Plastic resin producers slowly advance projects amid capacity increases, weak demand
Dow will continue to hold talks with Canadian authorities over incentives in 2023 with a final decision anticipated by year’s end on a project that would include tripling its ethylene and polyethylene capacity in Alberta, Canada. The work was originally announced on Oct. 6, 2021.
“In Alberta, we reached a preliminary investment decision for our Path to Zero project, and we are working with the Canadian government to confirm necessary incentives so that we can make a final investment decision by the end of this year,” said on Jan. 31 the company’s CEO James Fitterling, according to a Motley Fool transcript.
Dow had said on Oct. 6, 2021, when it announced its “net zero carbon emissions ethylene and derivatives complex” project, that it planned to triple its ethylene and polyethylene capacity in Alberta while turning the asset into a net-zero emissions complex by capturing releases at the site and then paying for third-party underground storage.
Back in July the CEO of Dow James Fitterling had said during the company´s second-quarter earnings discussion of that year that Dow had advanced as planned on its work for a December 2022 decision.
“Formal resource loading, vendor selection and project investment decisions by year-end all on track,” Fitterling had said at the time.
If company directors approve it, the Alberta expansion would increase Dow’s ethylene and polyethylene global production capacity by about 15%.
Alberta has offered incentives for petrochemical companies that have in the past led to investment in resin production.
Talks over incentives in Canada are taking place against a background of a North American plastic resin market marked by slow demand with significant new production coming online both for polyethylene and polypropylene in 2023.
Dow’s personnel reduction
The slower demand and need to be more competitive has led to personnel reductions at Dow.

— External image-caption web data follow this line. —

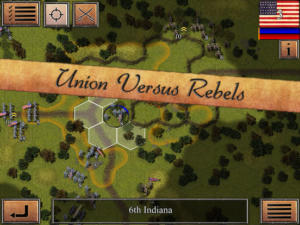 Civil War: 1863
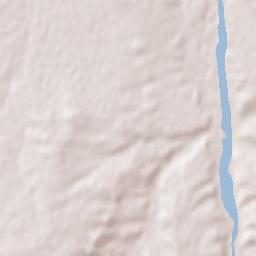 Monterrubio Terrain Map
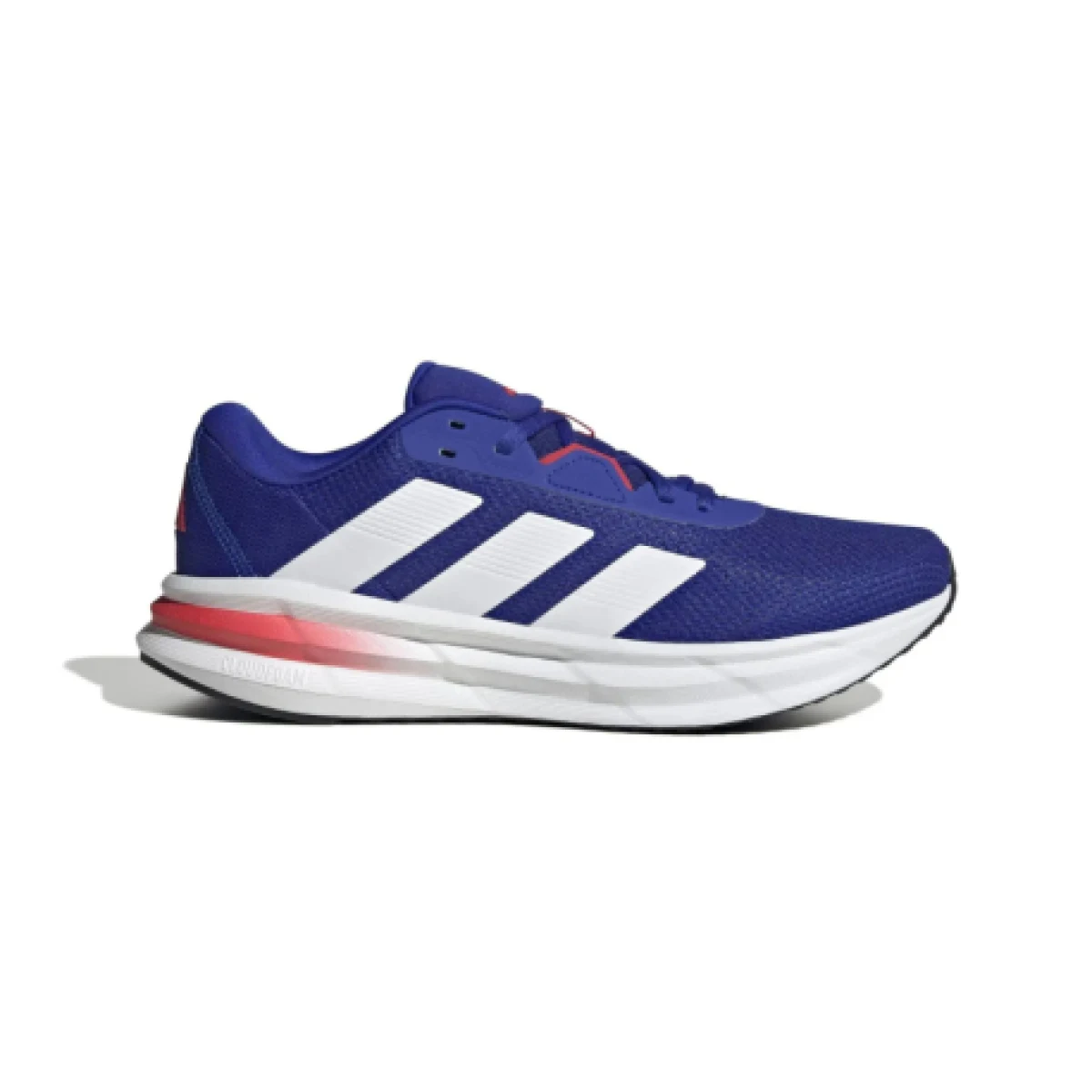 Pánska športová obuv (tréningová) ADIDAS Galaxy 7 M lucid blue cloud white pure ruby · záber 1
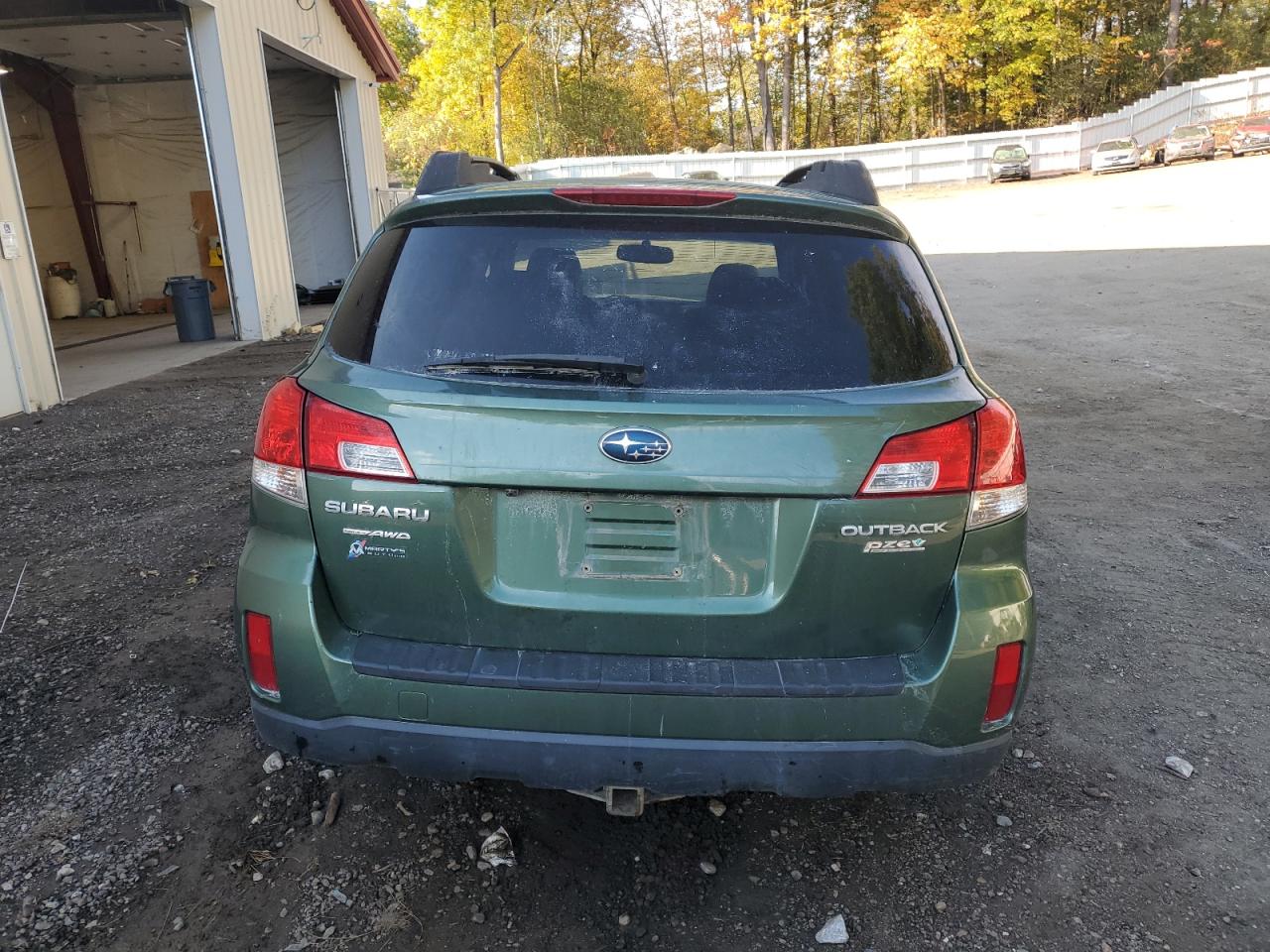 2013 Subaru Outback 2.5I Premium VIN: 4S4BRBGC2D3313982 Lot: 72861474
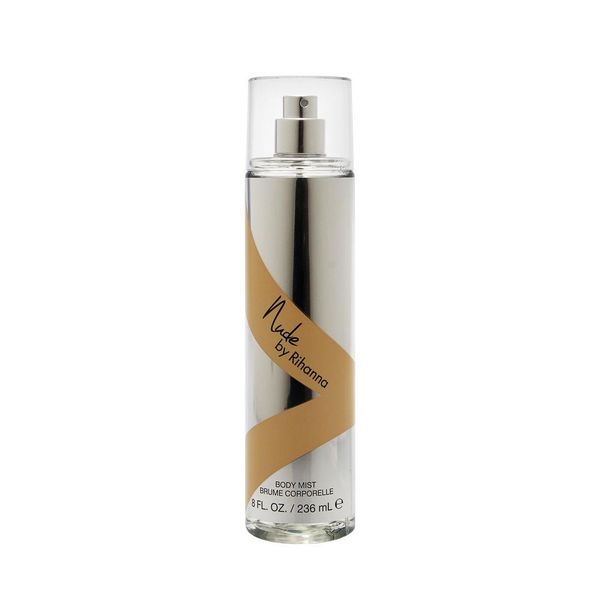 Rihanna Nude Body Mist 236ml Spray for her (Parallel import)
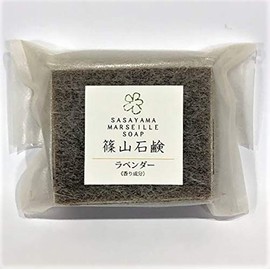 Shinoyama Soap Lavender (Pack of 2)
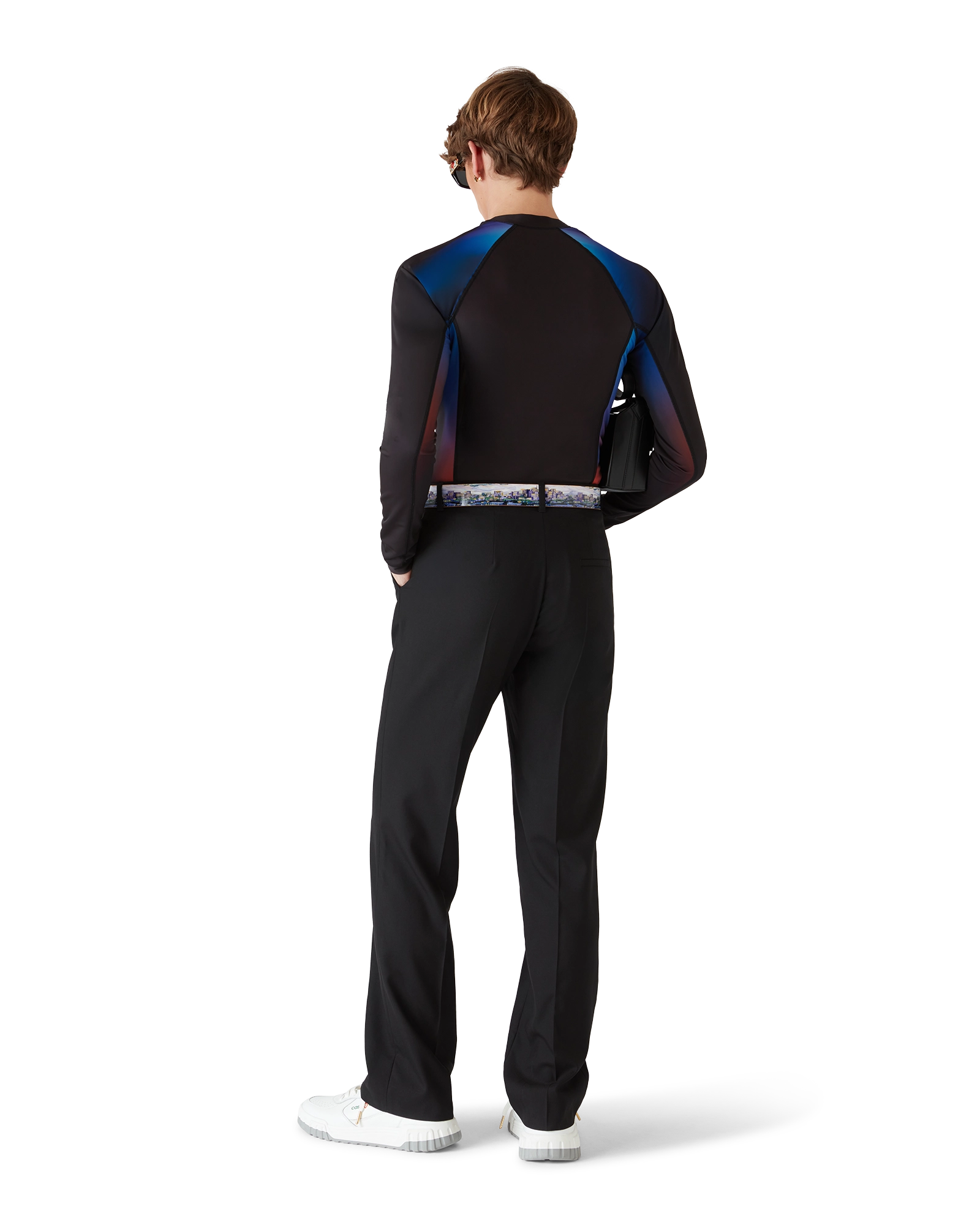 Gradient Rash Vest - Image 5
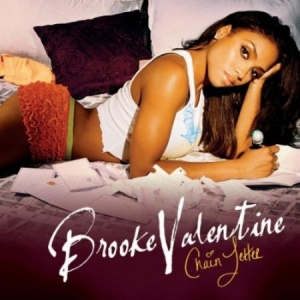 VALENTINE BROOKE - Chain Letter in der Gruppe CD bei Bengans Skivbutik AB (676273)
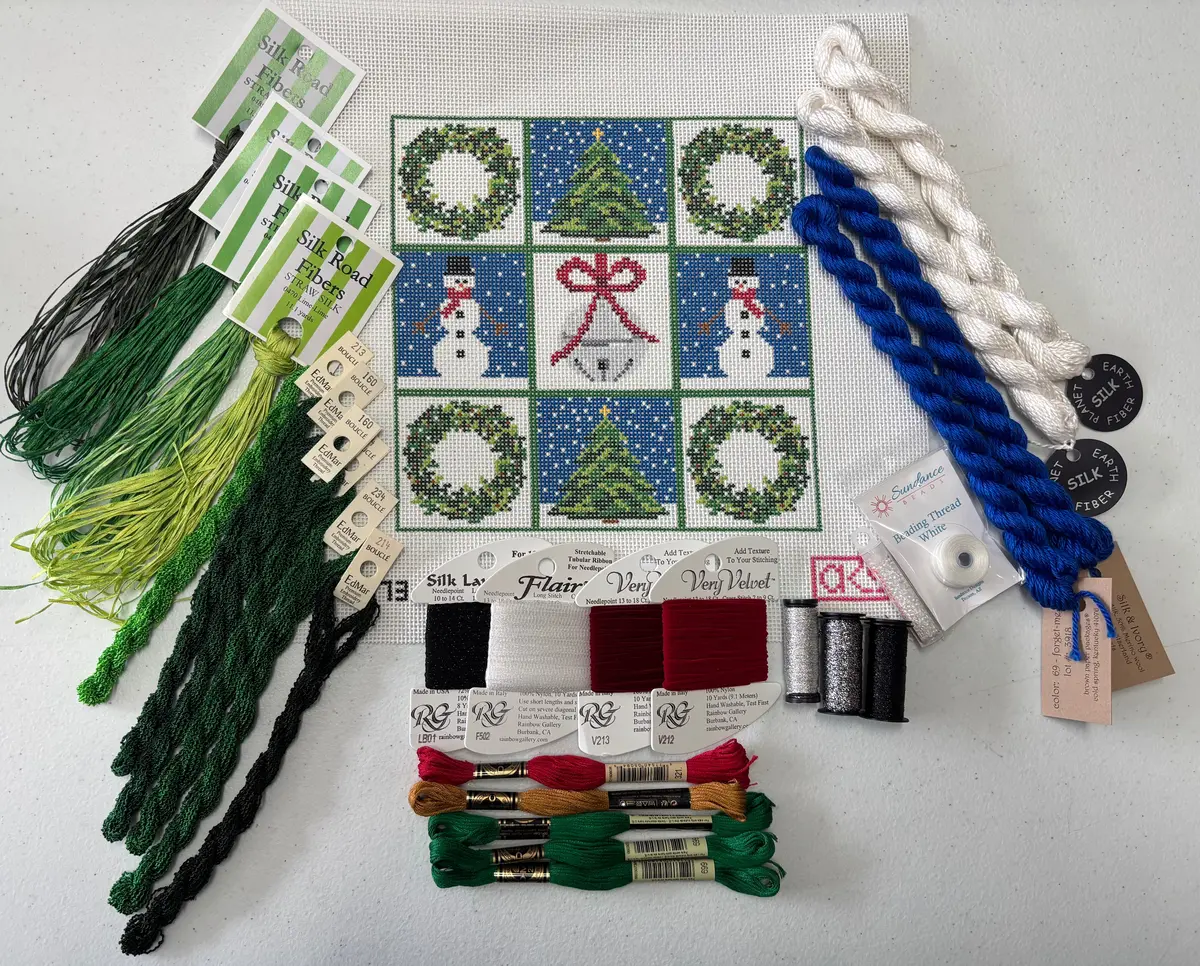 Wwsd - Christmas Tic Tac Toe Board 1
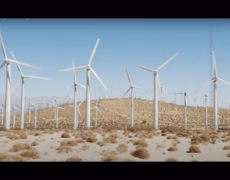Parque Eólico del Desierto de Atacama: La energía renovable que impulsa a Chile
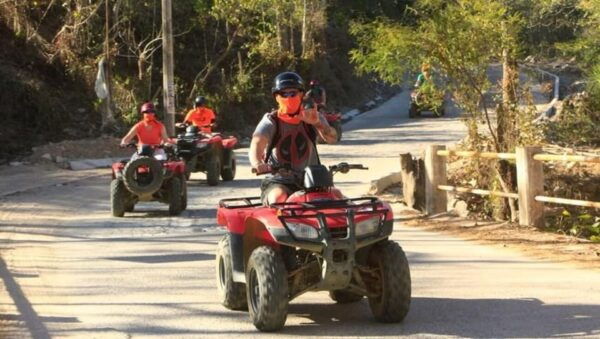 Puerto Vallarta: ATV Canopy River - Frequently Asked Questions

Reductions were covered in the Jan. 31 earnings discussion.
The “two thousand headcount reduction is not all specific to Europe, although Europe is a big part of the earnings decline that's driving us to take these actions,” Fitterling said during the call, according to a transcript by Motley Fool.
“So, I would say I don't, it's not a haircut (of) 5% of the workforce. It will be targeted. It will be targeted around asset decisions,” he said.
“It will be targeted around. It's not just Dow headcount. We will have contractor reductions as well at the sites,” he added.
Inventories and margins
Dow’s CEO James Fitterling said that resin markets participants are watching new resin capacity.
“We had a pretty strong end of the year in 2021, and in 2022, we kind of reverted more to the normal slower end of the year dynamics. We do have to keep an eye on capacity coming on (…)” he said.
Separately, Mark Lashier, president and Chief Operating Officer at Phillips 66, said that resin producers may have already seen bottom in terms of polyethylene profit margins.
Market participants have described slower demand in North America both for polyethylene and polypropylene in part related to slower economic growth, and in part due to inventory buildups.
“The polyethylene value chain margins kind of hit bottom. Those producers that were really squeezed pulled back on production. So, you can see that clearly we've hit a point where there's great discipline and nobody is going to operate while they're bleeding cash, and we've kind of passed through that period,” Lashier said, according to a call transcript by Motley Fool.
However, a market participant had said in mid-January that new plants like Shell for polyethylene in Pennsylvania and InterPipeline’s new polypropylene complex near Edmonton, Alberta, may run at near full rates as they seek to displace less efficient production by competitors, including those abroad that rely on naphtha.
“Margins have modestly ticked up. And you'll continue to see as the capacity that's coming online in North America gets digested, we'll be at that bottom for some time, but then start to work our way out because demand globally continues to increase,” Lashier added, according to the Motley Fool transcript of the call.
ExxonMobil’s chemicals strategy
Darren Woods, chairman and chief executive officer at ExxonMobil, discussed plastic resins during his company’s most recent earnings discussion and mentioned “large capacity additions coming on at the same time where you've had some demand slow down.”
“It will take a little time for that demand to pick up and fill that capacity (...),” he said, according to a transcript of ExxonMobil's fourth quarter earnings discussion by Motley Fool.
ExxonMobil’s projects related to plastics are being carried out. “We're bringing those back on basically in line with the plans that we've laid out in the pandemic,” he said.
“So, we just brought on the polypropylene unit in Baton Rouge. We've got our Baytown, Vistamaxx, and LAO (linear alpha olefins) projects, which we anticipate coming on here middle of this year. And then China one is making really good progress, and expect that to come on in 2025.
“We build world-scale facilities, start them out on commodity grades, and then quickly upgrade those and fill transition to performance products,” said Darren Woods.
Exxon Mobil owns 584,000 barrels-per-day of refining capacity in Baytown. Baytown is the second biggest refinery in the U.S. after the Motiva-owned refinery in Port Arthur, Texas.